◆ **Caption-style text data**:
****************
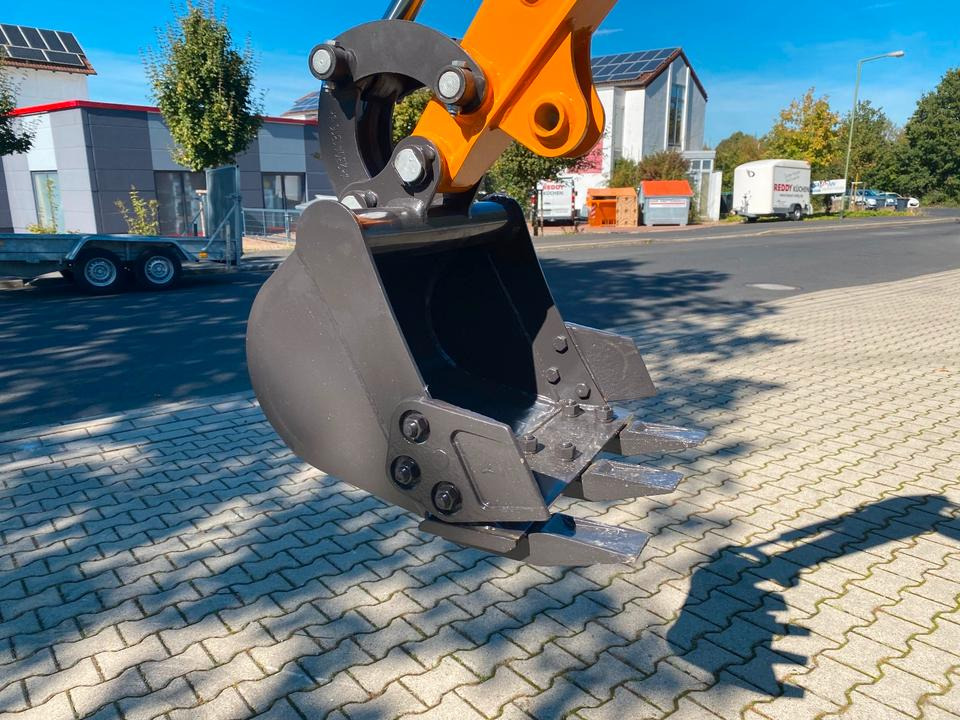 Minibagger BK1300JSR inkl. 3 Schaufeln *INKL.19% MWST*BERGER KRAUS*KUBOTA D902 11,8KW*JOYSTICK*SCHENKWARM*SOFORT!* - Мини-экскаватор: фото 4 Minibagger BK1300JSR inkl. 3 Schaufeln *INKL.19% MWST*BERGER KRAUS*KUBOTA D902 11,8KW*JOYSTICK*SCHENKWARM*SOFORT!* - Мини-экскаватор: фото 4
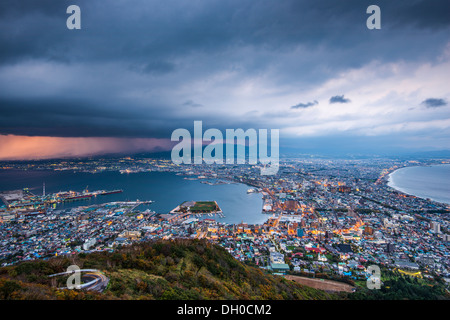 Hakodate, Japan betrachtet von Hakodate Berg. Stockfoto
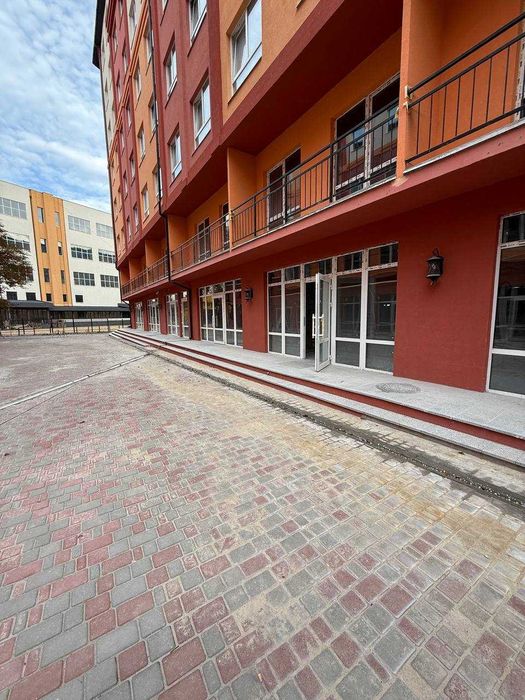 Продаж фасадного приміщення 110,9 м² 1 поверх  без % ПОДІЛ/КОНТРАКТОВА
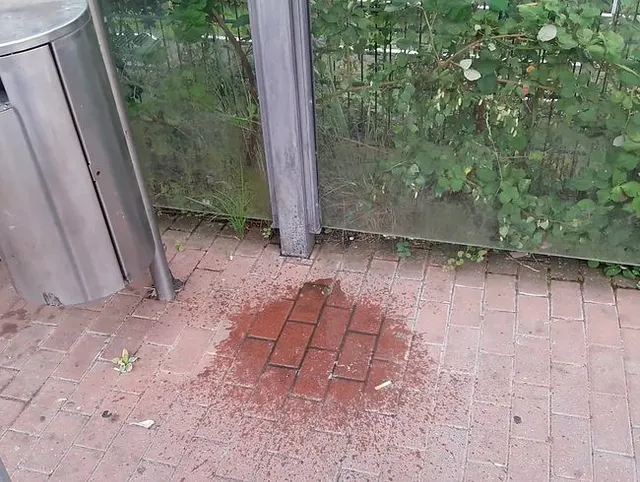 abpissen am Bahnsteig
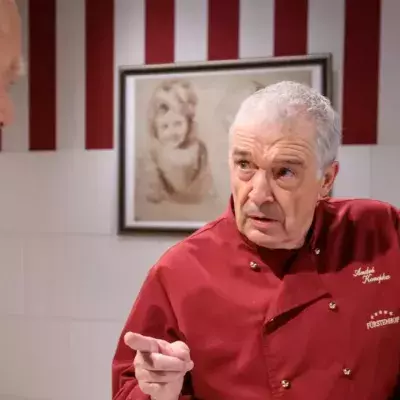 Dass André den Fürstenhof verlässt, kann Werner nur schwer ertragen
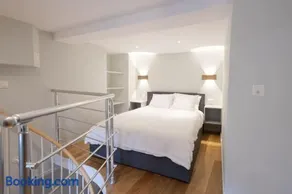 ꨄ Studio-duplex Tower - Image 1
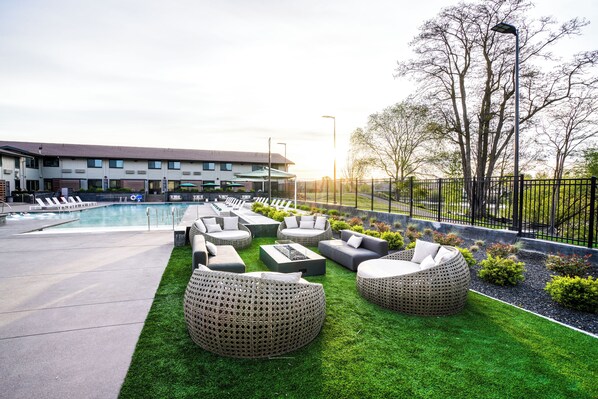 Piscina externa, funciona das 9h às 22h, barracas de cortesia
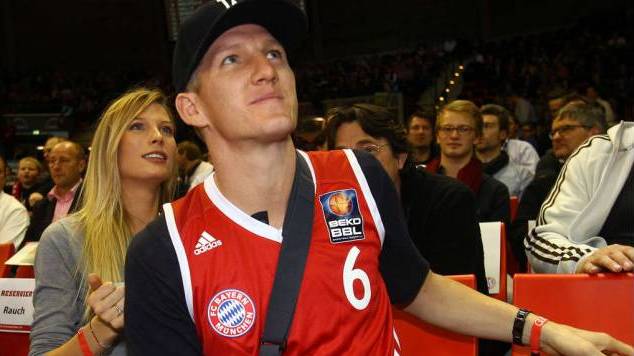 Schweinsteiger mostra que tamb&eacute;m &eacute; craque no basquete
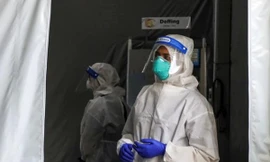 Bị lây COVID-19 từ con trai, người mẹ này có lời nhắn con khiến bác sĩ cũng rơi nước mắt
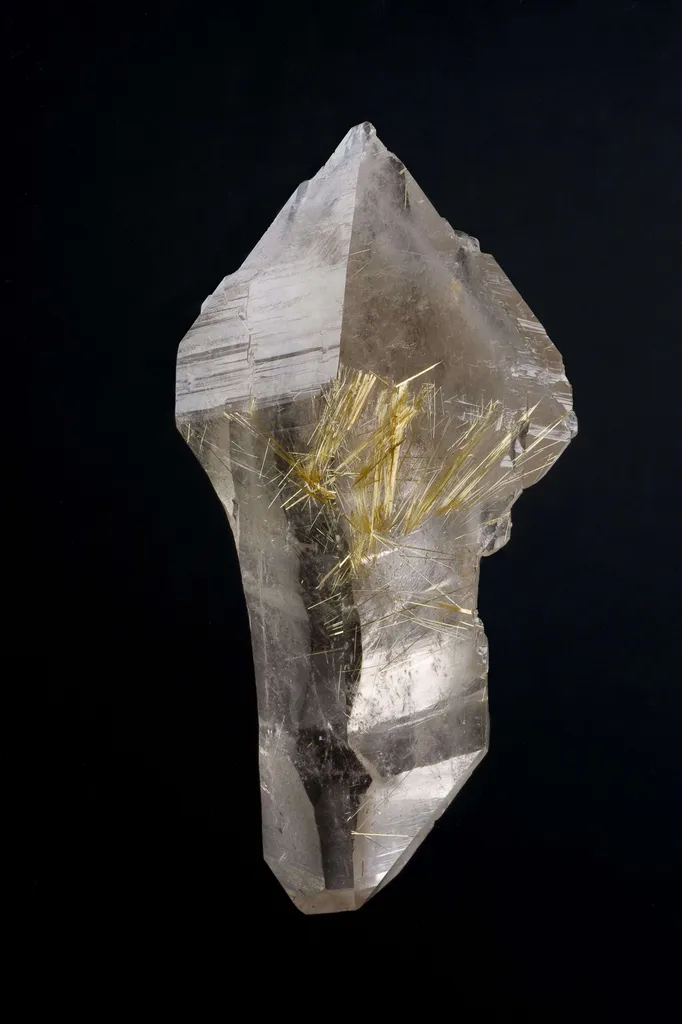 Rutile in Quartz - image 2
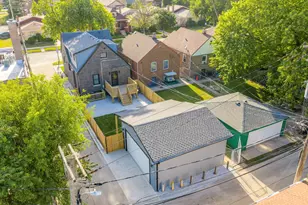 8645 S Bennett Ave, Chicago, IL 60617 - Photo 45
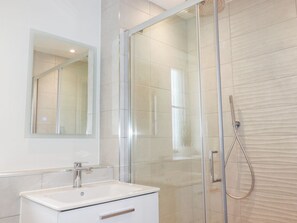 Shower - Chynoweth House, Cubert, 4bed. (Newquay)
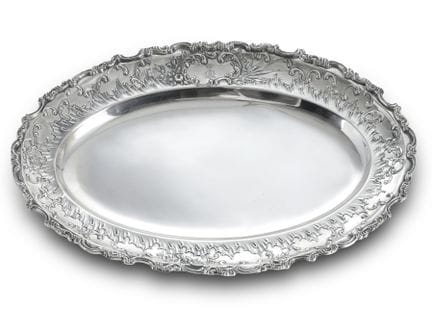 A FLORAL AND ROCAILLE PATTERN SILVER OVAL DISH
Vie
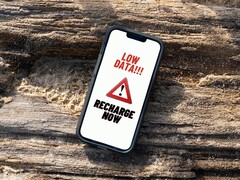 на экране iPhone постоянно отображается предупреждение о низком уровне пополнения данных. (Источник изображения: Arpit Brandings via Pexels, изменено)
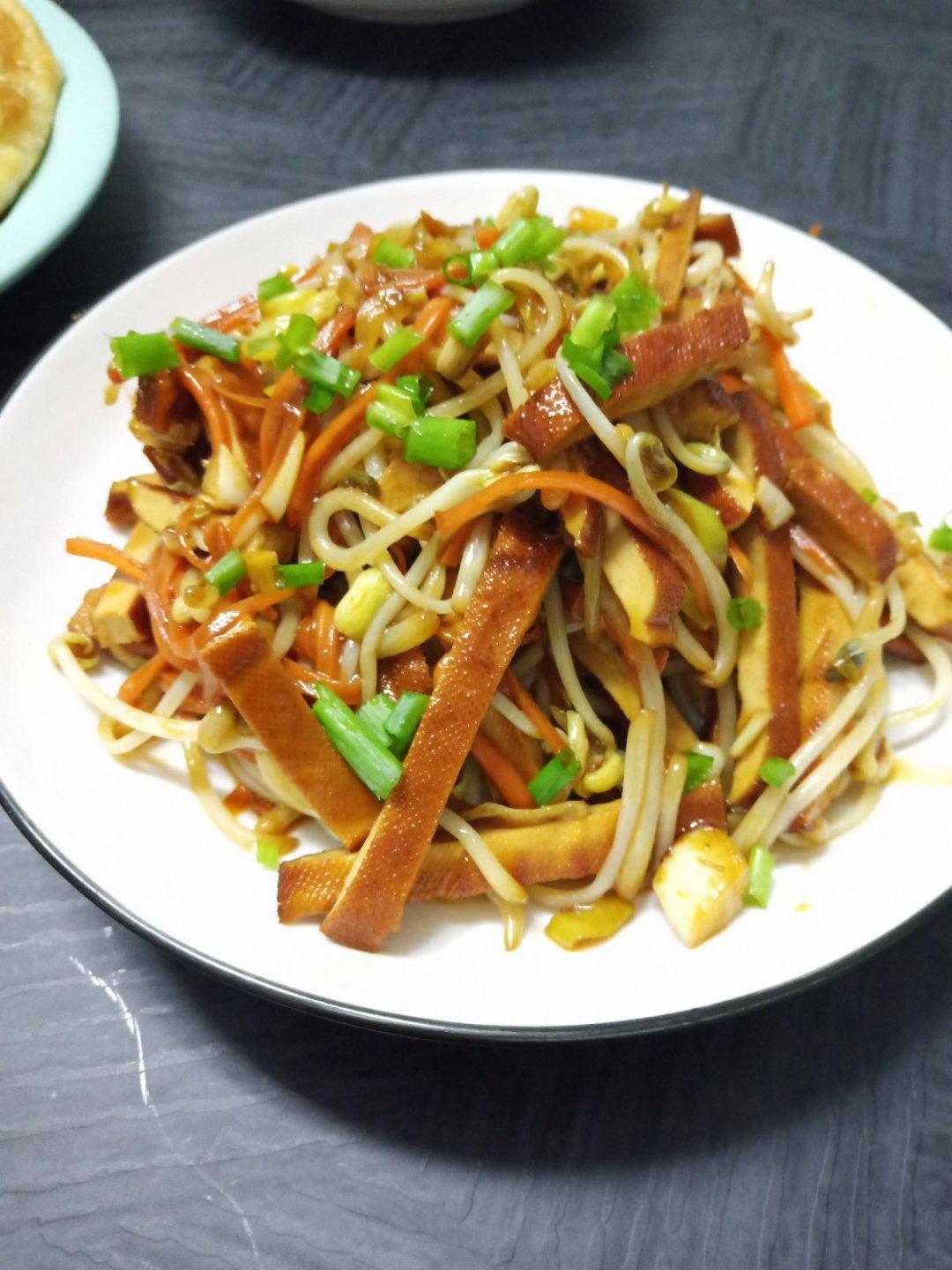 静水流深1974做的十分钟做好一道好菜豆芽炒香干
****************
◆ **Work order**: Please reproduce each entry exactly as given and omit the pictures.

◆ **Answer below**:
 Minibagger BK1300JSR inkl. 3 Schaufeln *INKL.19% MWST*BERGER KRAUS*KUBOTA D902 11,8KW*JOYSTICK*SCHENKWARM*SOFORT!* - Мини-экскаватор: фото 4 Minibagger BK1300JSR inkl. 3 Schaufeln *INKL.19% MWST*BERGER KRAUS*KUBOTA D902 11,8KW*JOYSTICK*SCHENKWARM*SOFORT!* - Мини-экскаватор: фото 4
 Hakodate, Japan betrachtet von Hakodate Berg. Stockfoto
 Продаж фасадного приміщення 110,9 м² 1 поверх  без % ПОДІЛ/КОНТРАКТОВА
 abpissen am Bahnsteig
 Dass André den Fürstenhof verlässt, kann Werner nur schwer ertragen
 ꨄ Studio-duplex Tower - Image 1
 Piscina externa, funciona das 9h às 22h, barracas de cortesia
 Schweinsteiger mostra que tamb&eacute;m &eacute; craque no basquete
 Bị lây COVID-19 từ con trai, người mẹ này có lời nhắn con khiến bác sĩ cũng rơi nước mắt
 Rutile in Quartz - image 2
 8645 S Bennett Ave, Chicago, IL 60617 - Photo 45
 Shower - Chynoweth House, Cubert, 4bed. (Newquay)
 A FLORAL AND ROCAILLE PATTERN SILVER OVAL DISH
Vie
 на экране iPhone постоянно отображается предупреждение о низком уровне пополнения данных. (Источник изображения: Arpit Brandings via Pexels, изменено)
 静水流深1974做的十分钟做好一道好菜豆芽炒香干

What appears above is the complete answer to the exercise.